ESOL learners have different and specific needs which relate to their educational profile, oral proficiency and their specific language and literacy levels in English. The Home Office has adopted a reinvigorated policy of citizenship education and integration where English is seen as a key tool for the successful integration of Britain’s diverse communities. (Migration Observatory, 2011) However, under the new rules for funding for ESOL, introduced in September 2011, thousands of vulnerable women face being deprived of English language lessons. This move now questions the government’s commitment to ‘integration’ among migrant groups.


The current funding cuts in ESOL provision, reflecting the neo-liberal shift away from state responsibility to that of the individual in a market economy, implies that individuals, i.e. ESOL learners in this case, are expected to adapt to these ‘new times’. The new funding rules for ESOL courses are extremely complicated and make it harder to access funds for the participants. According to FE Week (2015) “By wiping out funding [for most adult skills courses], the government will be risking recreating an underclass of poorly educated adults. They will effectively be withdrawing the opportunity to train or retrain for the least able.” This act of denying citizens their basic right to learn English will impact the marginalised communities who desperately need these courses.
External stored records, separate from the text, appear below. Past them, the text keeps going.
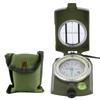 American Style Waterproof Navigational Compass for Outdoor Camping Hiking Military Green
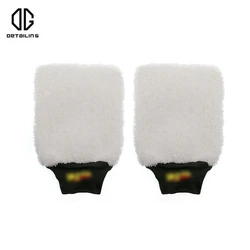 DETAILING Car Washing Glove Plush Wash Mitt Microfiber Ultra Absorbent Cleaning Mitts Auto Wash Accessories Car Cleaning Tools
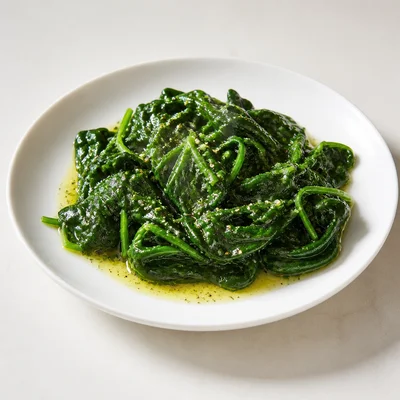 Sautéed Spinach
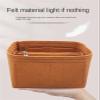 Bag Organizer Liner Storage Bag Bag Storage Insert Portable Makeup Bag for Hermes Picotin18/22/26(Coffee A,Picotin 18) view 4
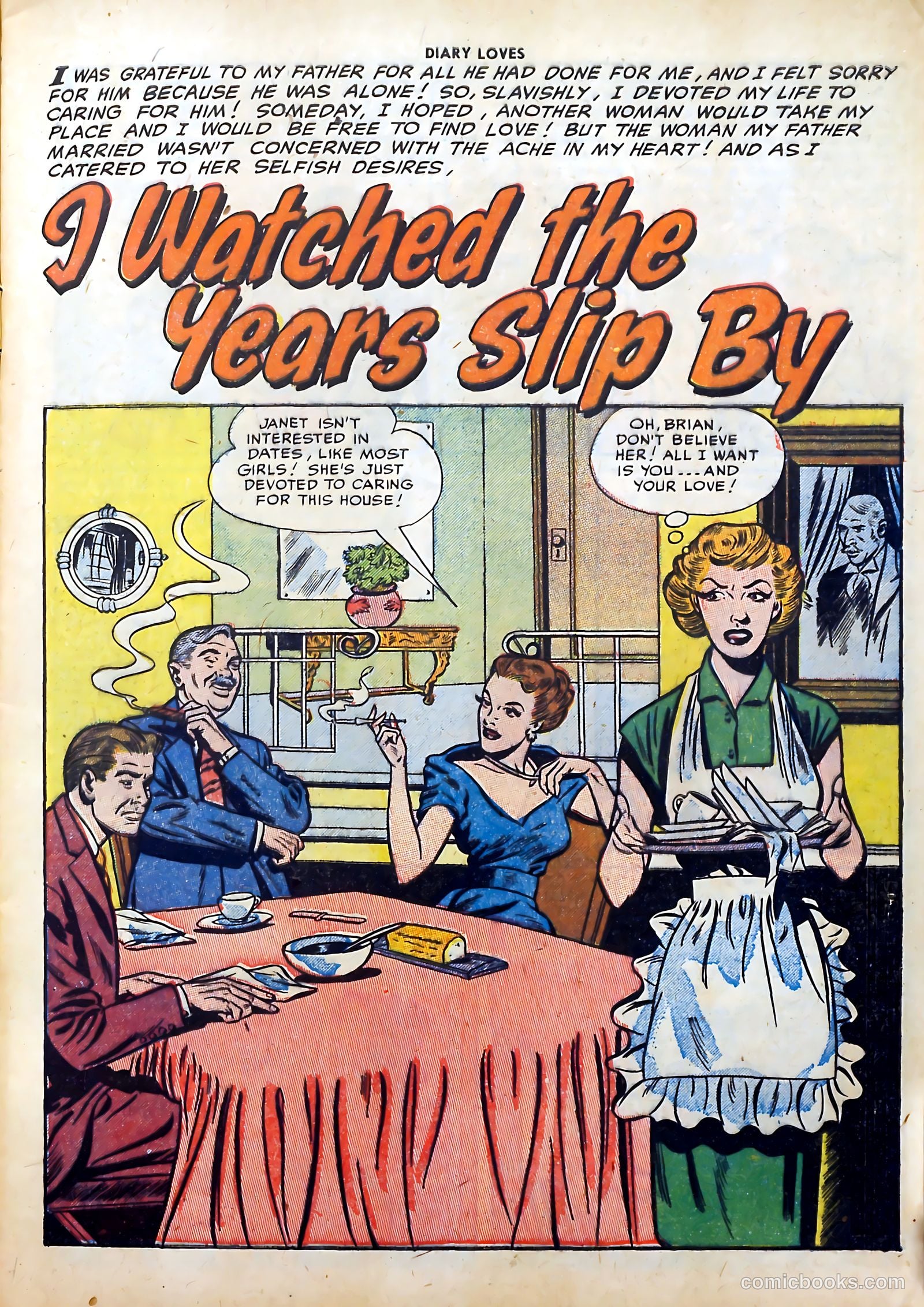 Diary Loves #30 (1953) — page 9 of 37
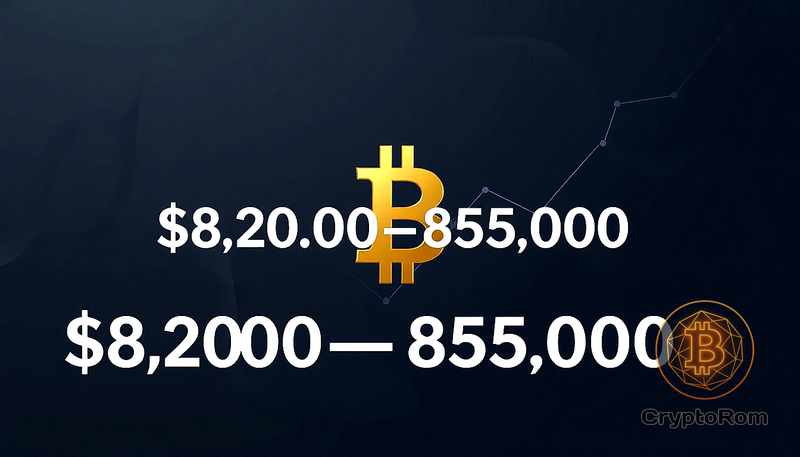 📈 Bitcoin остаётся в прежнем диапазоне $82,000-$85,000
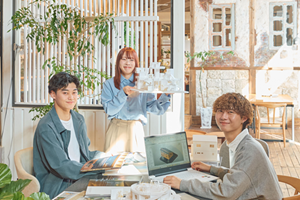 建築設計デザイン科／即戦力になるデザイン力を身につける講座イメージ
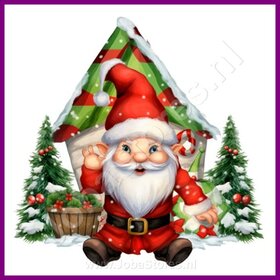 Diamond Painting Weihnachts-Elfen 02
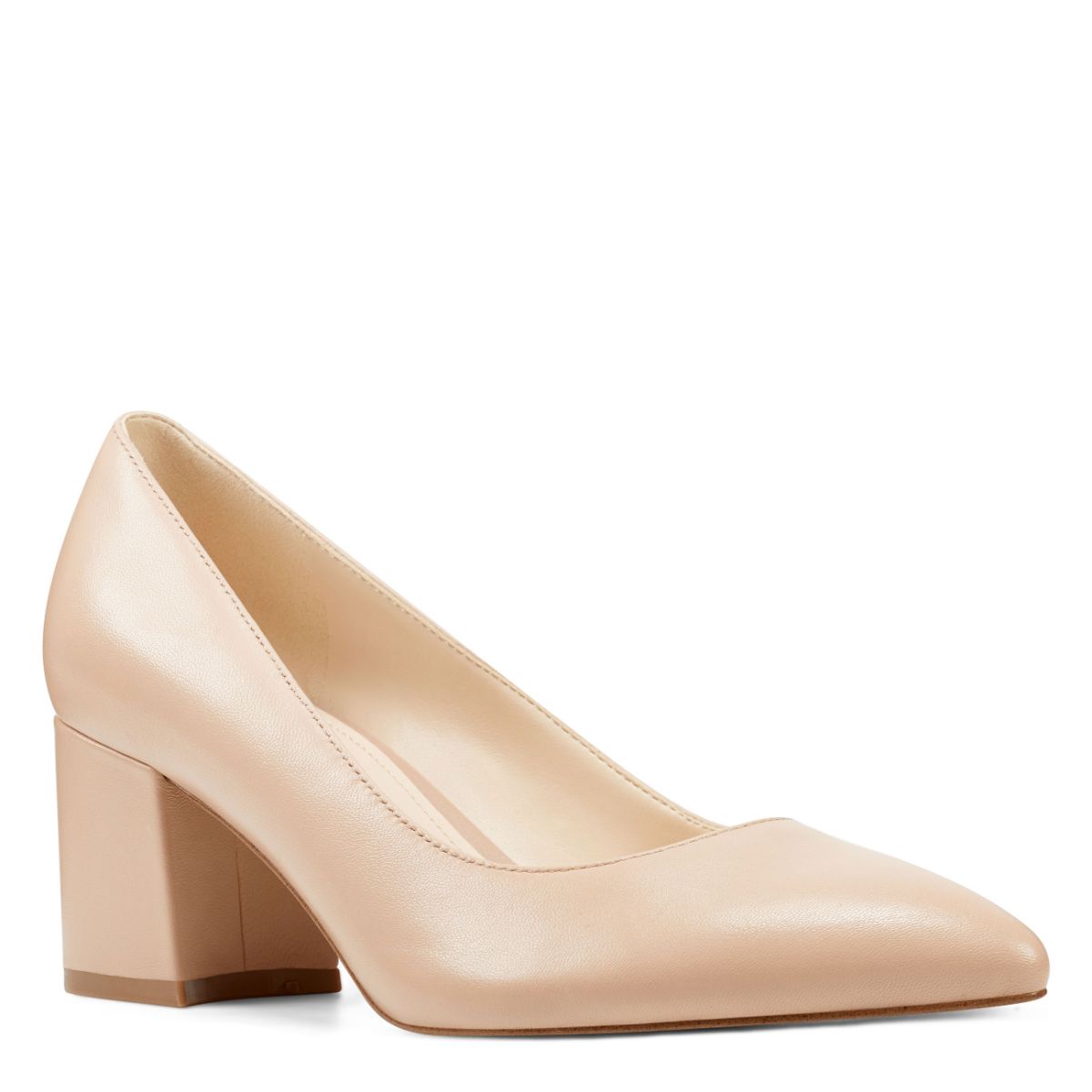 Nine West Tves Pumps in Nude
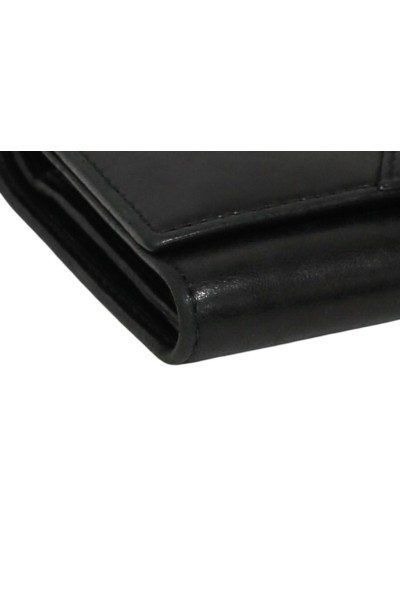 Portafoglio Gucci nero Intreccio GG
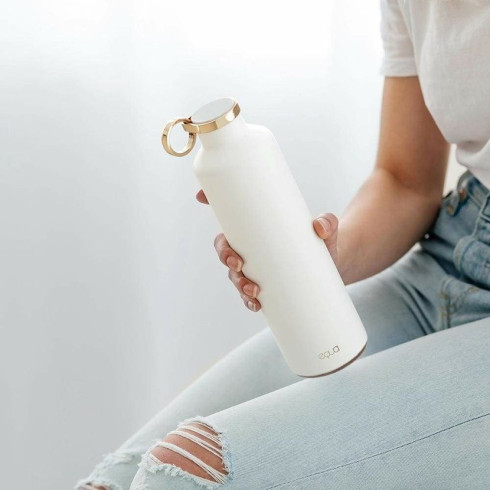 Kovová Termo Fľaša Basic - Snow White 680ml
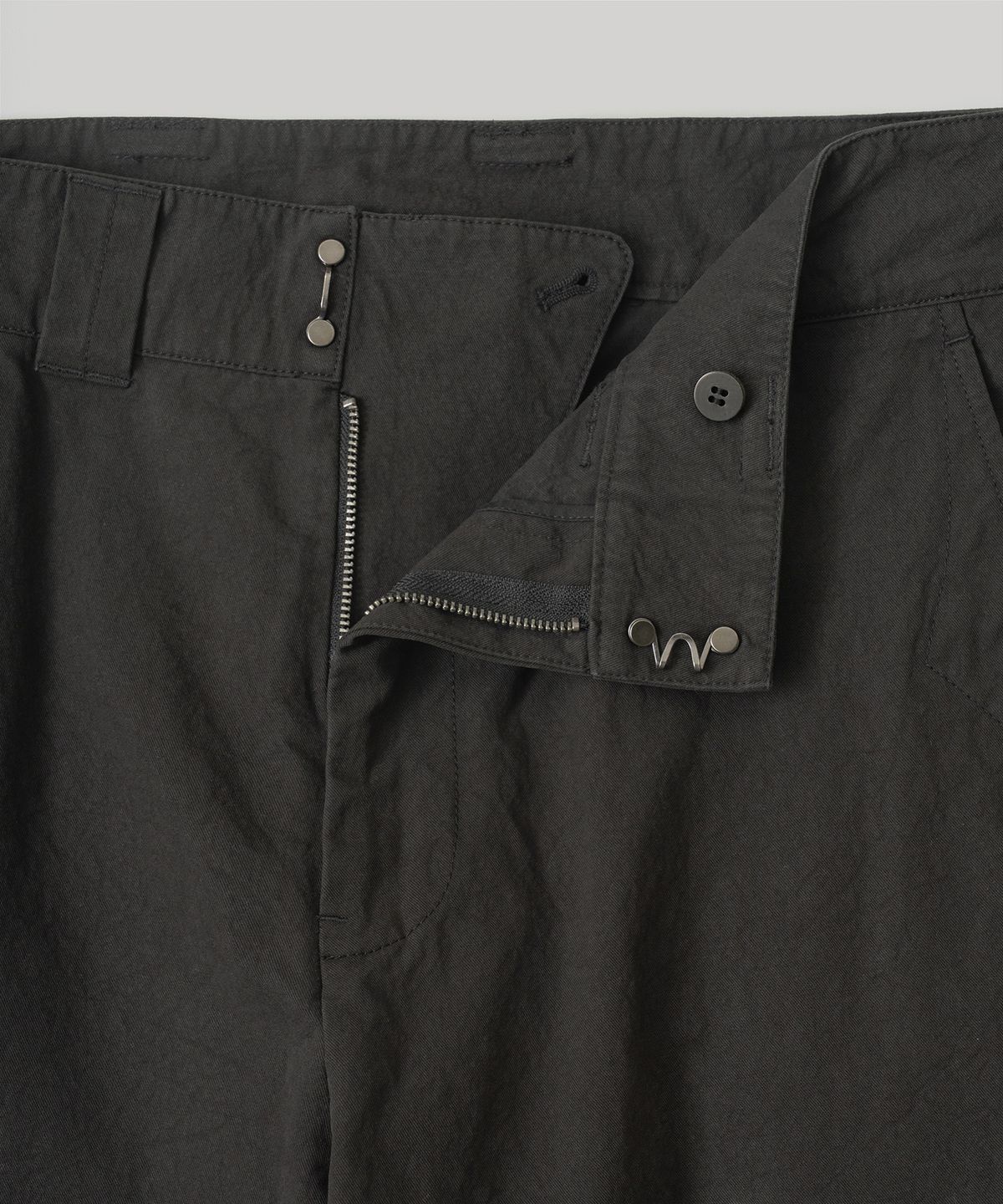 어나더 오피스(ANOTHER OFFICE) French Officer Pants (Black)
It is a general view that language learning is beneficial for society and the individual; however, according to Leathwood (2006), although this is presented as the logical choice for individuals, there is no acknowledgment of the ways in which the choice-making individual of neo-liberal economic policy is a gendered, classed and racialized one. The policy discourse surrounding language learning is constructed in a way that the learner has to take full responsibility for their own learning. It can be argued that the social mobility is on decline in the UK over the past few decades leading to further structural inequalities as a result of negligent policies of the government. The onus is on the government to improve this situation by reviewing the funding cuts to ESOL.